Required action —
Once "Sam Lafferty assinado" turns up in a line below, reproduce that line and those after it exactly, stopping after the line with "Vista Brown Knitted"; leave pictures out.

Provided data —
☆ ☆ ☆ ☆ ☆

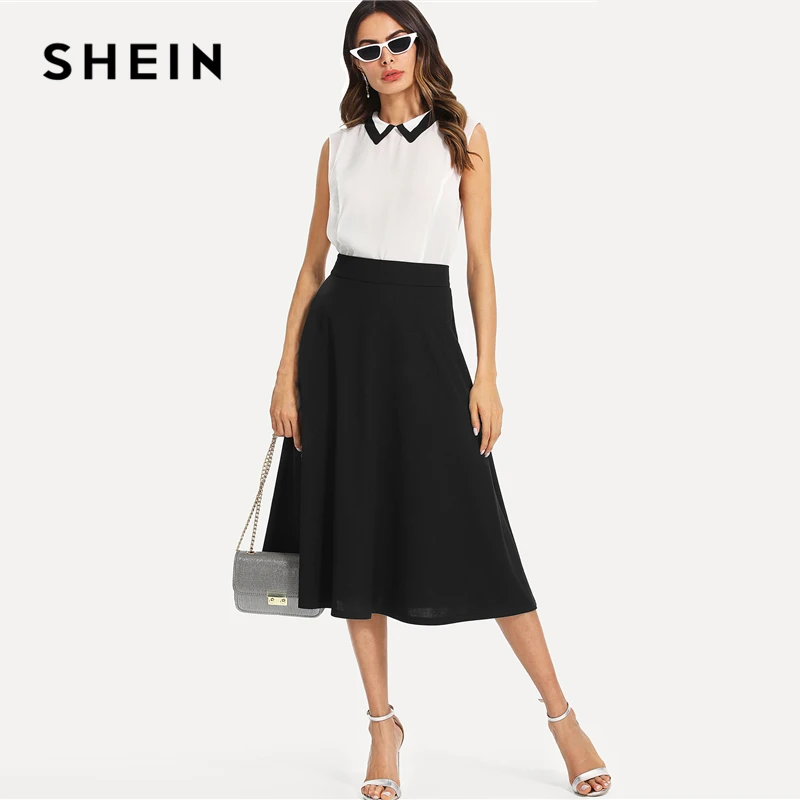 SHEIN Однотонная Расклешенная Макси Юбка Элегантная Офисная Юбка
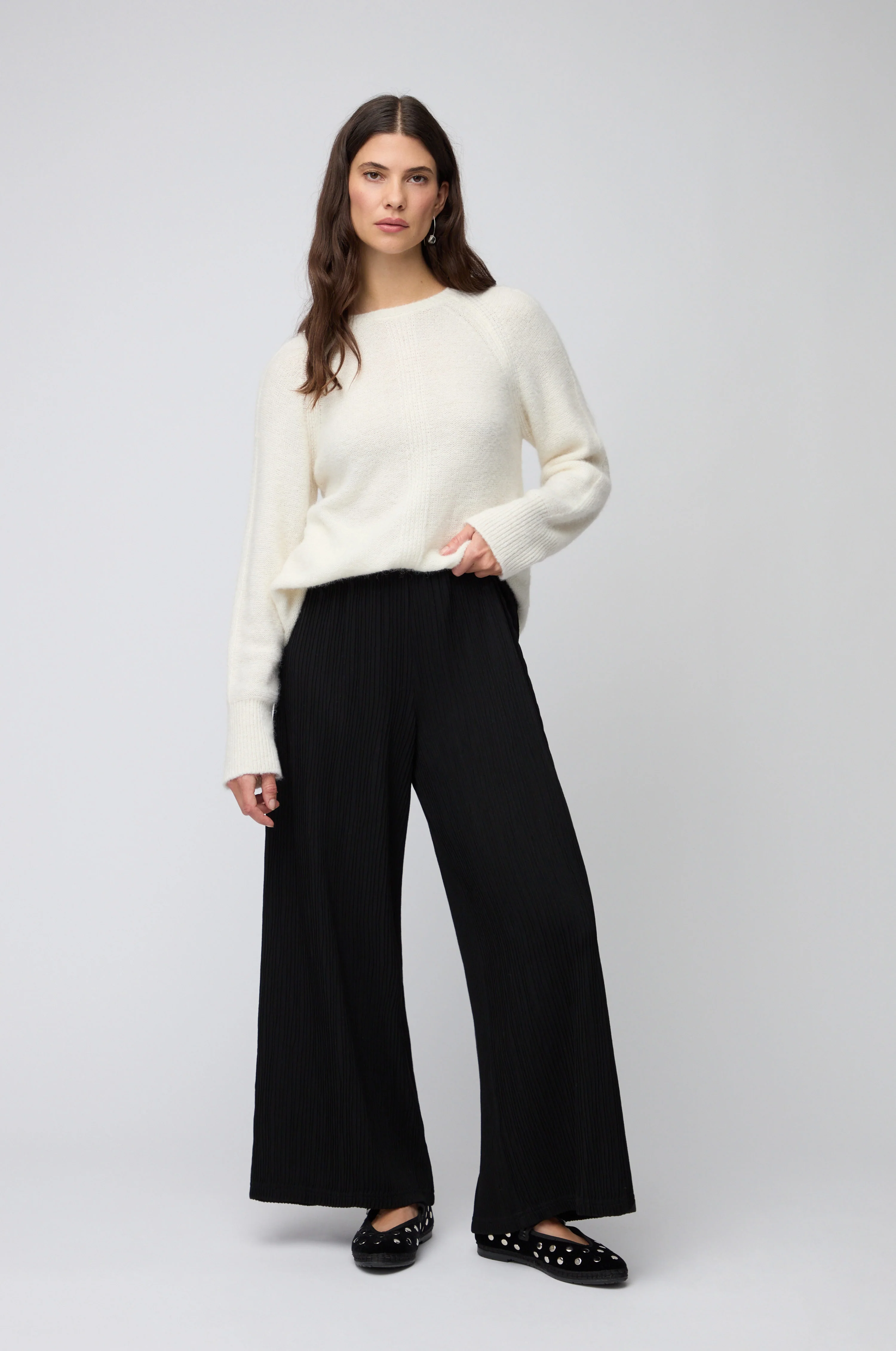 Textured Wave Jersey Wide Trousers - Image 4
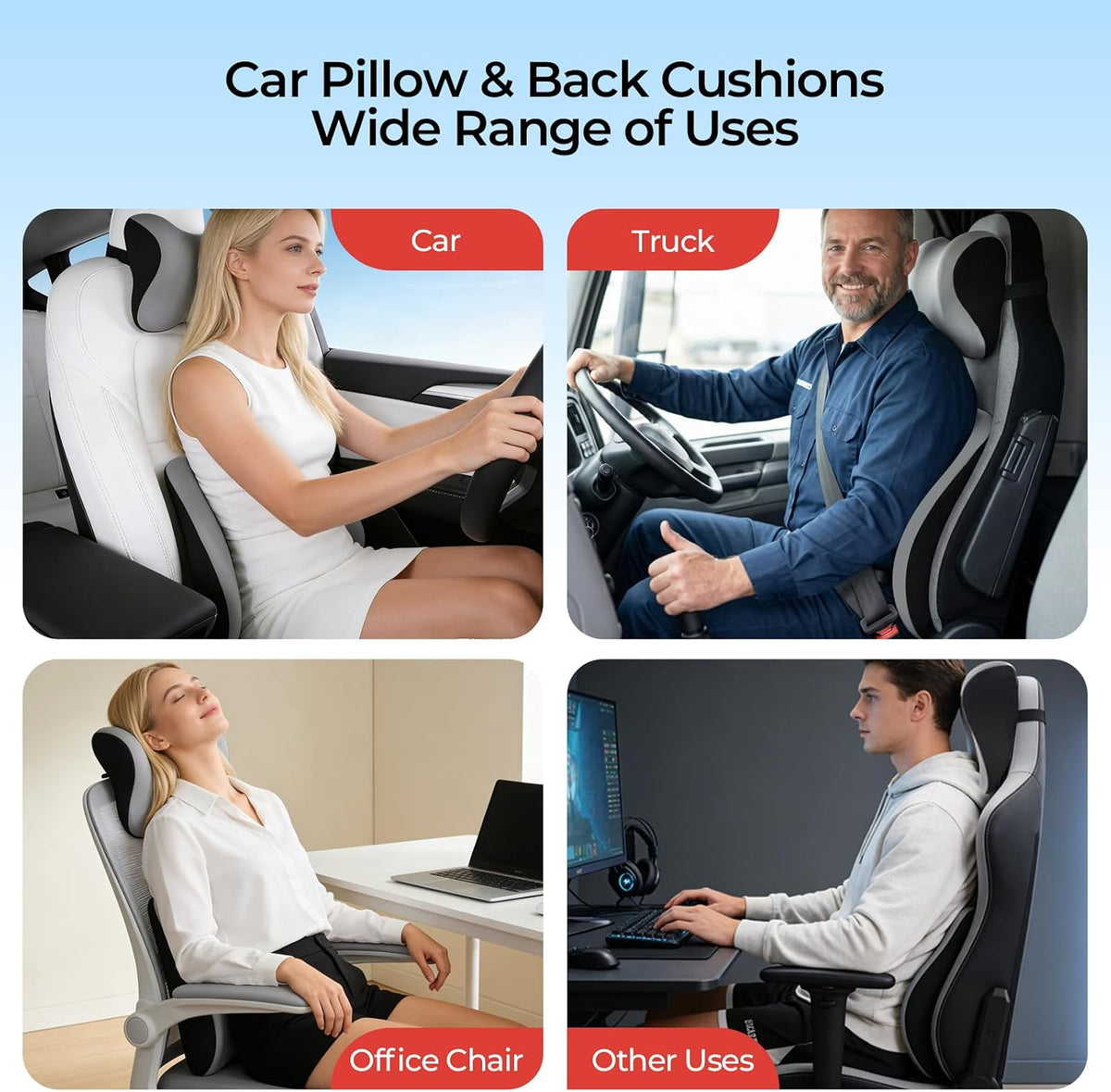 Car Headrest & Lumbar Support Set, Ergonomic Memory Foam Neck Pillow, Comfortable Travel Pillow for Car Truck SUV, Ideal for Long Driving (Gray) (Gray)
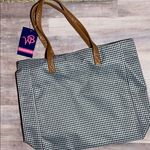 Houndstooth Print Tote Bag Black Photo 0
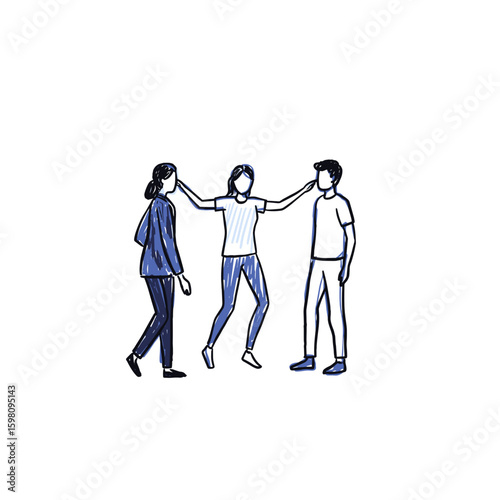 Three friends interacting cheerfully in a simple illustrated style  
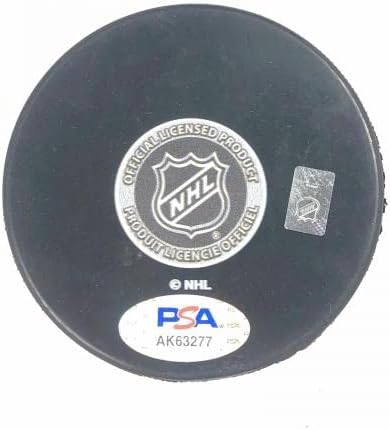 Sam Lafferty assinado hóquei Puck PSA/DNA Chicago Blackhawks autografados - Pucks autografados da NHL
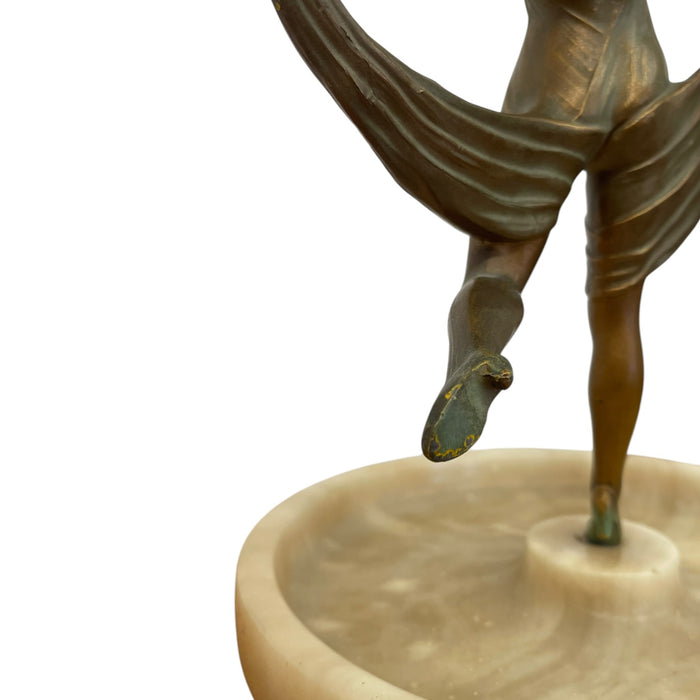 Art Deco Style Figural Dancer Sculpture with Marble Dish.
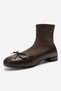 Vista Brown Knitted Ankle Bow Women's Boots - 8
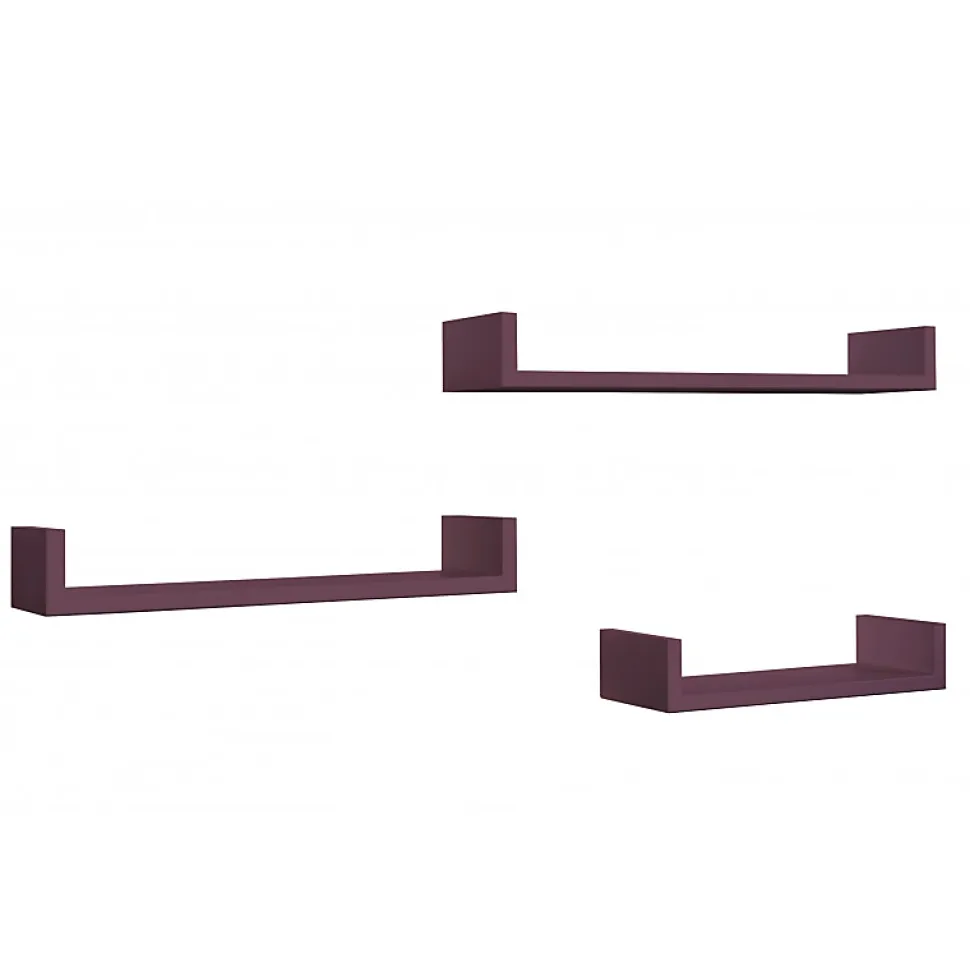 Ensemble de 3 étagères murales design, couleur aubergine, 60 x 8 cm x 15,5 cm, 50 x 8 cm x 15,5 cm et 40 x 8 cm x 15,5 cm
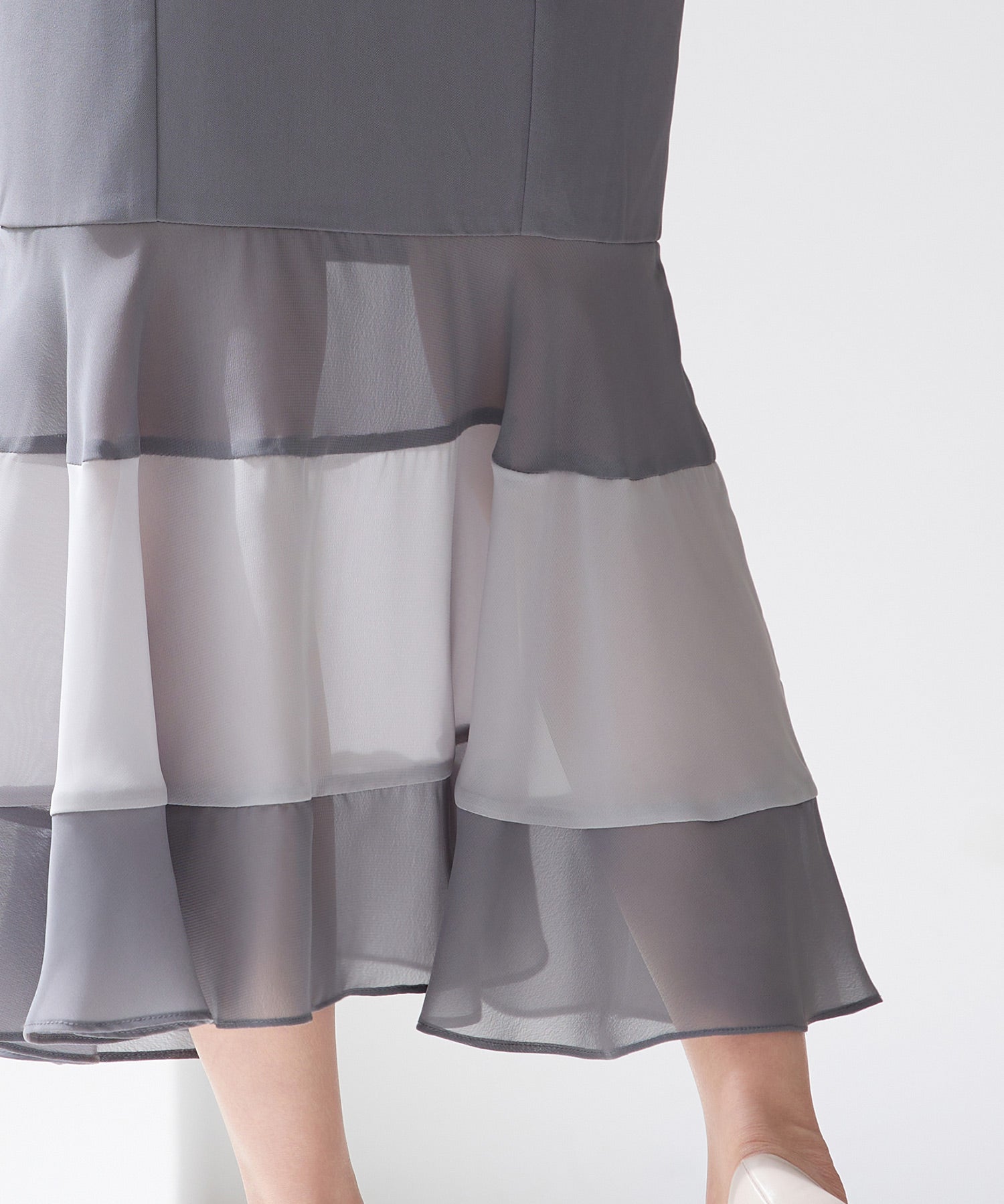 配色裾ハイウエストバックゴムスカートsdp0305 チャコール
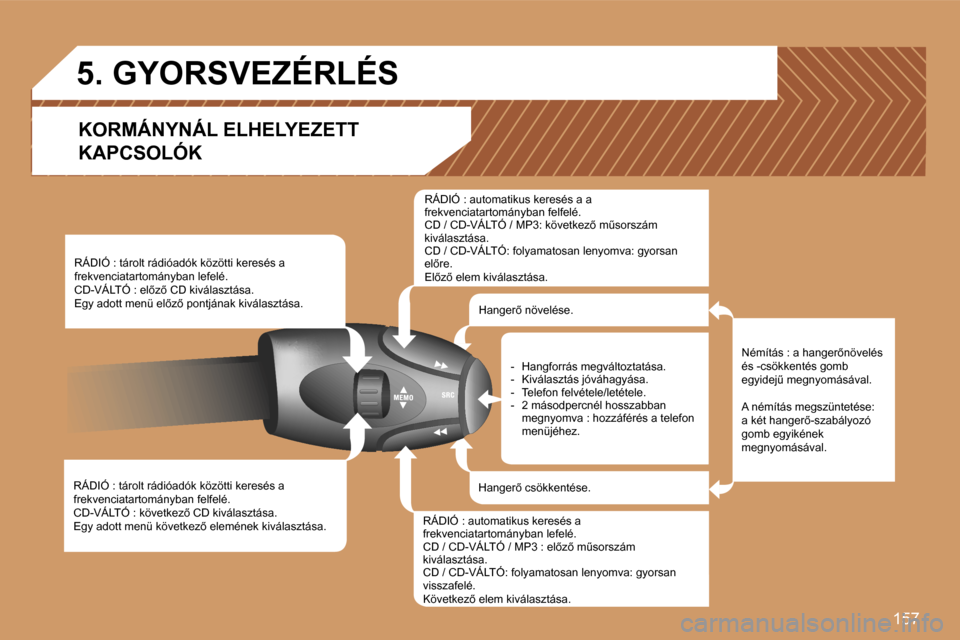 Peugeot 307 CC 2007  Kezelési útmutató (in Hungarian) �1�5�7
�R�Á�D�I�Ó� �:� �t�á�r�o�l�t� �r�á�d�i�ó�a�d�ó�k� �k�ö�z�ö�t�t�i� �k�e�r�e�s�é�s� �a�  
�f�r�e�k�v�e�n�c�i�a�t�a�r�t�o�m�á�n�y�b�a�n� �f�e�l�f�e�l�é�.
�C�D�-�V�Á�L�T�Ó� �:� �k�ö�v
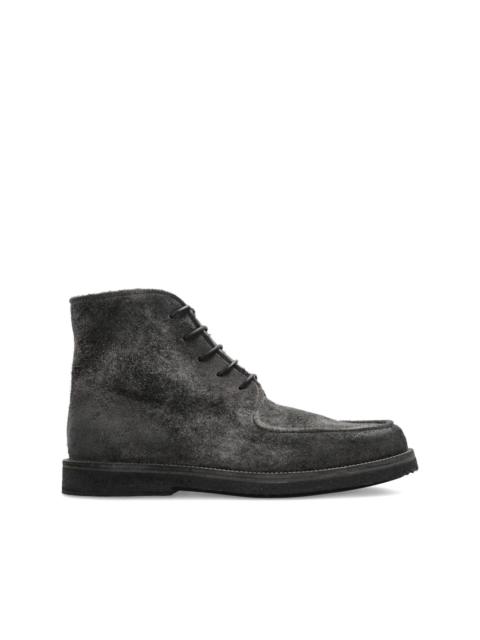 lace-up suede boots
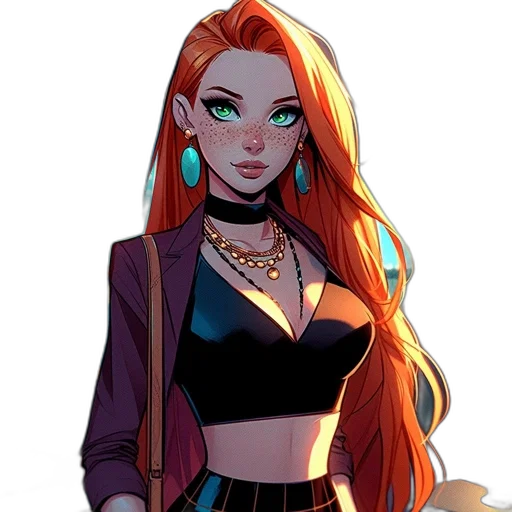 jewelry, jacket, concept art, comic book art transparent PNG cut-out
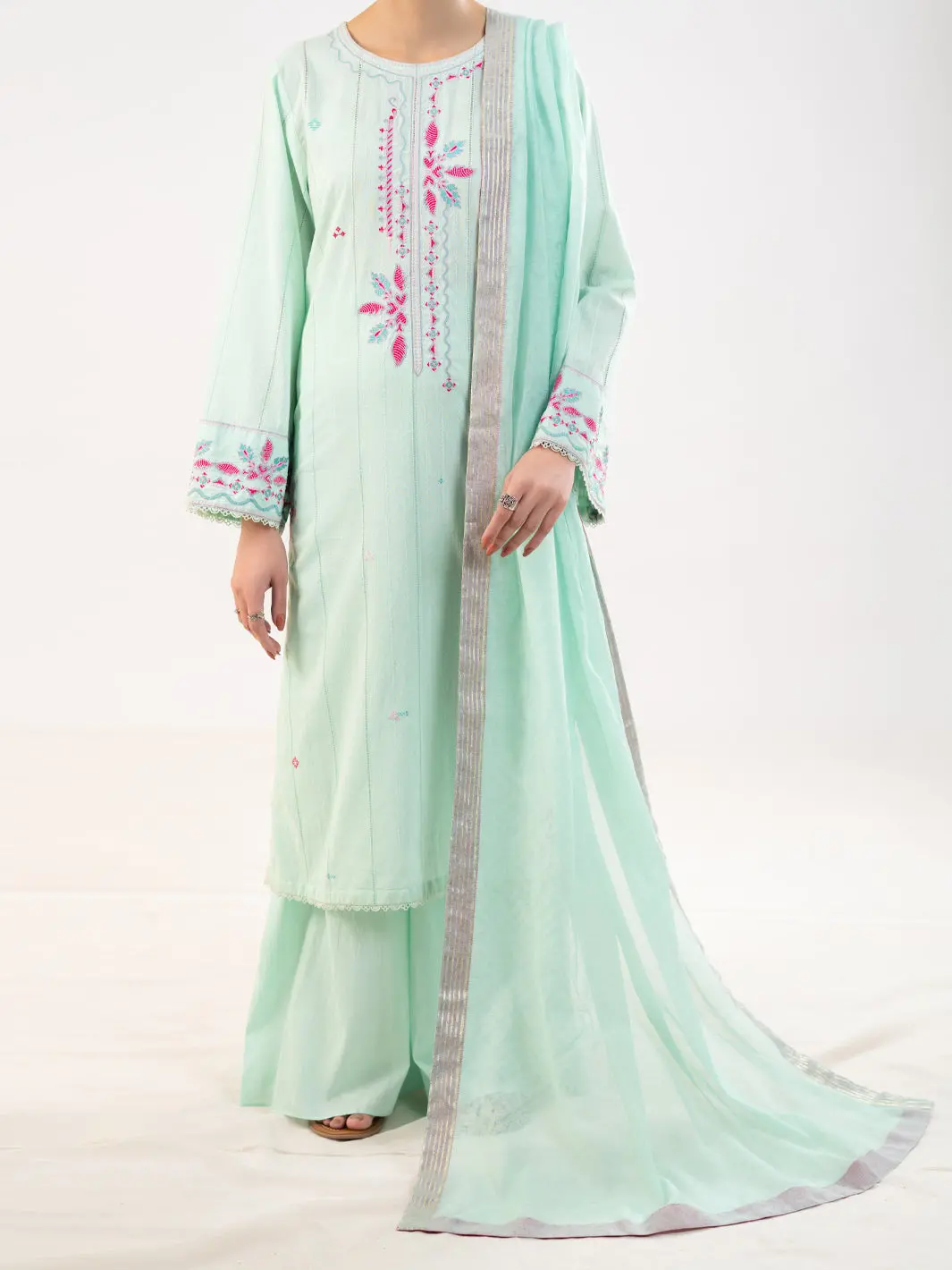 Light Green Lino Kara 3Pc Stitched - Alp-3Ps-2320 1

☆ ☆ ☆ ☆ ☆

Written response —
 Sam Lafferty assinado hóquei Puck PSA/DNA Chicago Blackhawks autografados - Pucks autografados da NHL
 Art Deco Style Figural Dancer Sculpture with Marble Dish.
 Vista Brown Knitted Ankle Bow Women's Boots - 8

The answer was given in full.